A script that processes a sample of a file

c_lady · June 7, 2013, 5:57am

hi all, I need some help in regards of how to process just a sample from a large .txt file

I have a large file from many new lines (say above 200.000 new lines), I need a script that process just a sample of it, say 10.000 bur a random sample (taking rows from top top to the the bottom)

Could someone help? I will be happy, if you could also enable me to give the number of sample as an input - for example, if I need 20.000 instead of 10.000 to give the 20.000 as input

Thanks a lot!

Jotne · June 7, 2013, 6:08am

awk 'BEGIN {srand()} !/^$/ { if (rand() <= .01) print $0}' file

Should give you ca 10% of the file

c_lady · June 7, 2013, 8:33am

Could you please let me know how do you know that it will give ca 10%, for example; if I know the number of rows before hand; how I should play with the

(rand() <= .01)

parameter, which I think does the trick?

Thank you very much!

Jotne · June 7, 2013, 6:39pm

I found this using google. It seem that if you change the parameter you get more and less data.
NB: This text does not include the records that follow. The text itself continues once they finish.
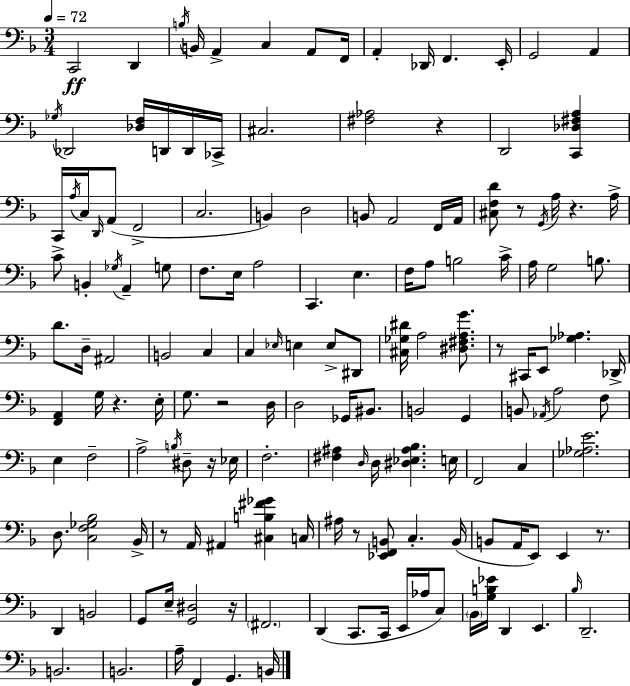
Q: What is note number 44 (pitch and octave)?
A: E3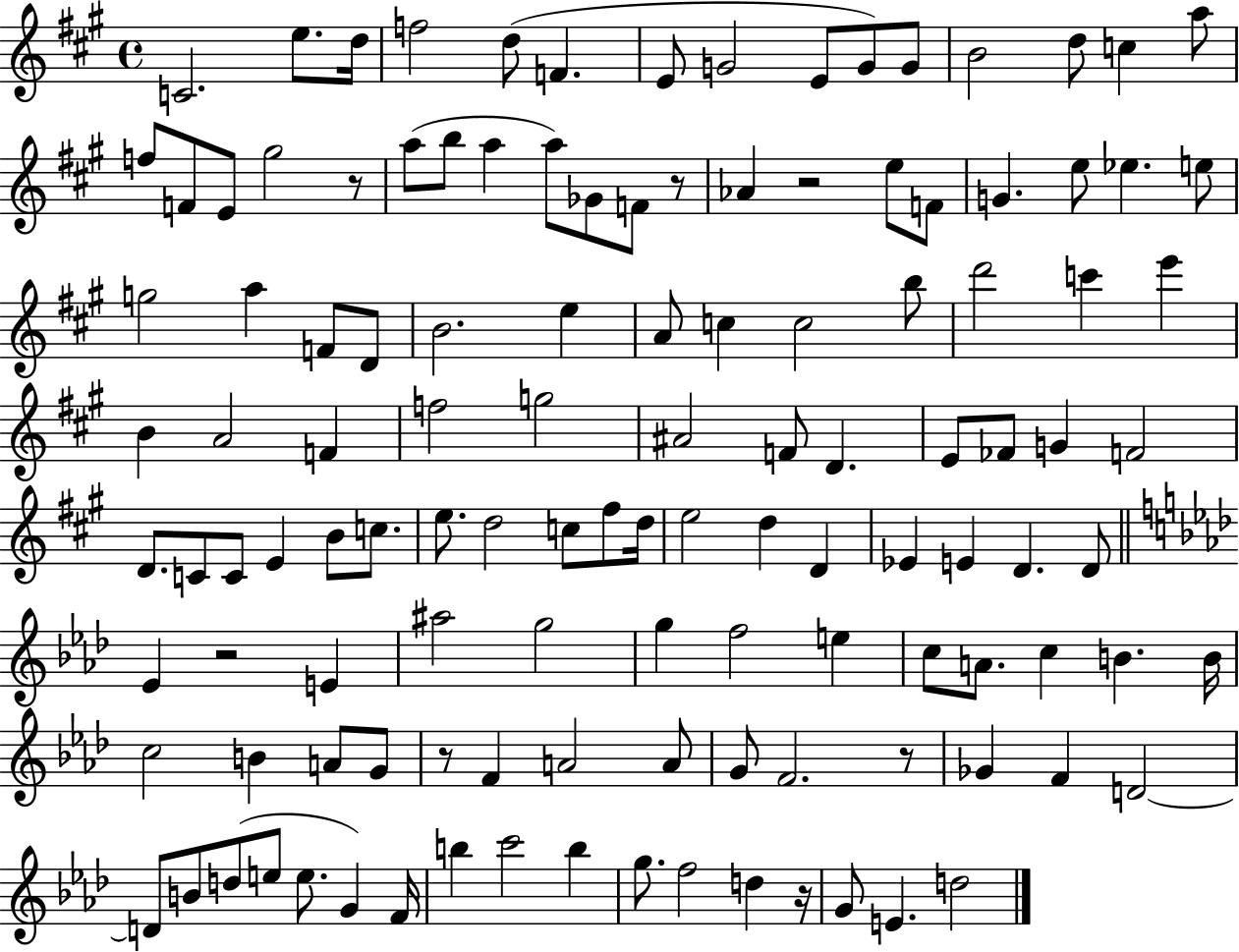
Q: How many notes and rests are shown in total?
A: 122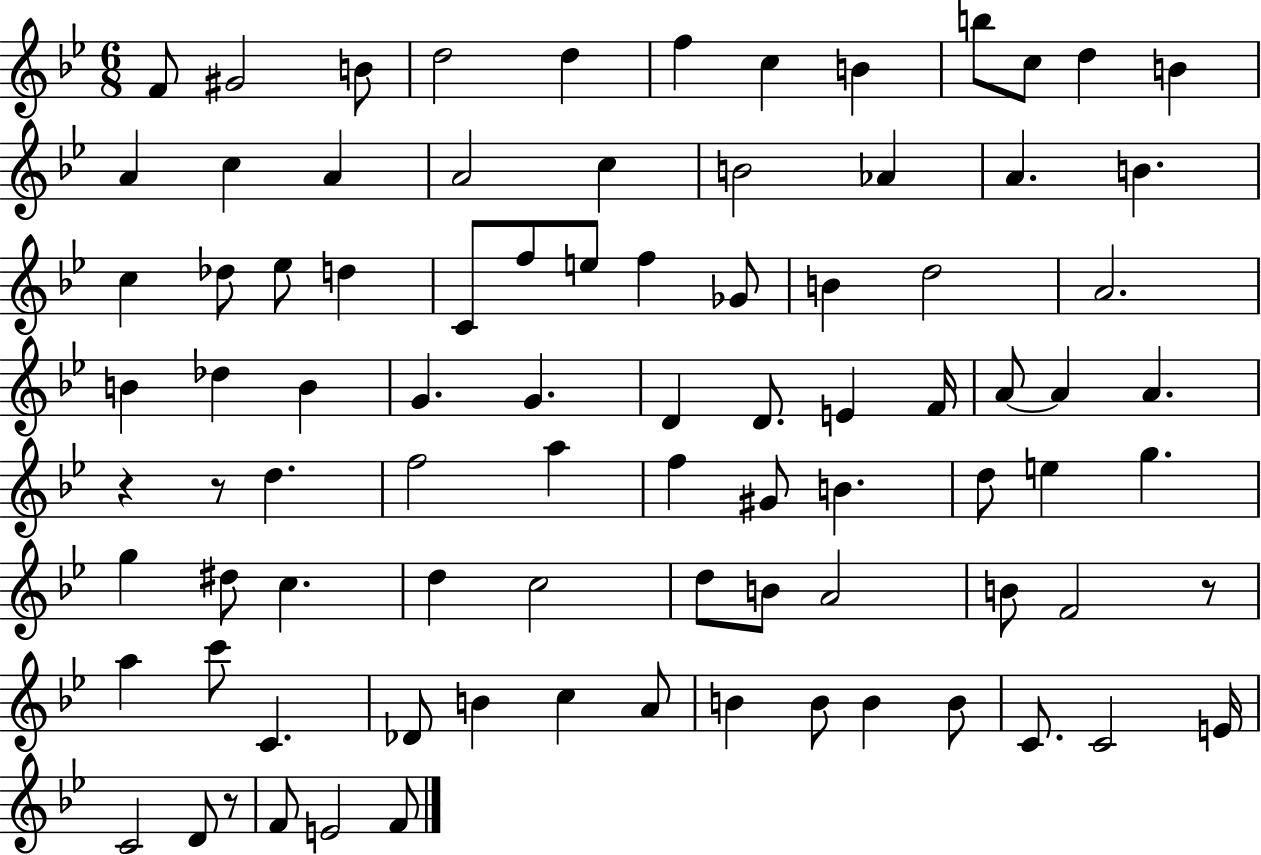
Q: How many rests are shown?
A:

Don_Cragun · June 7, 2013, 8:54pm

According to the standards, awk's rand() function returns a pseudo-random number x such that 0 < x < 1. If we assume that the pseudo-random number is uniformly distributed (which is not required by the standards), then (rand() <= .01) should be true approximately 1% of the time. For 10%, the test would be ICODE](rand() <= .1)[/ICODE] (again, assuming rand() produces a uniformly distributed set of values).

Note that when using "random" numbers, there is certainly no guarantee that using (rand() <= 10000/200000) as the test in Jotne's script will print exactly 10,000 lines from a 200,000 line file.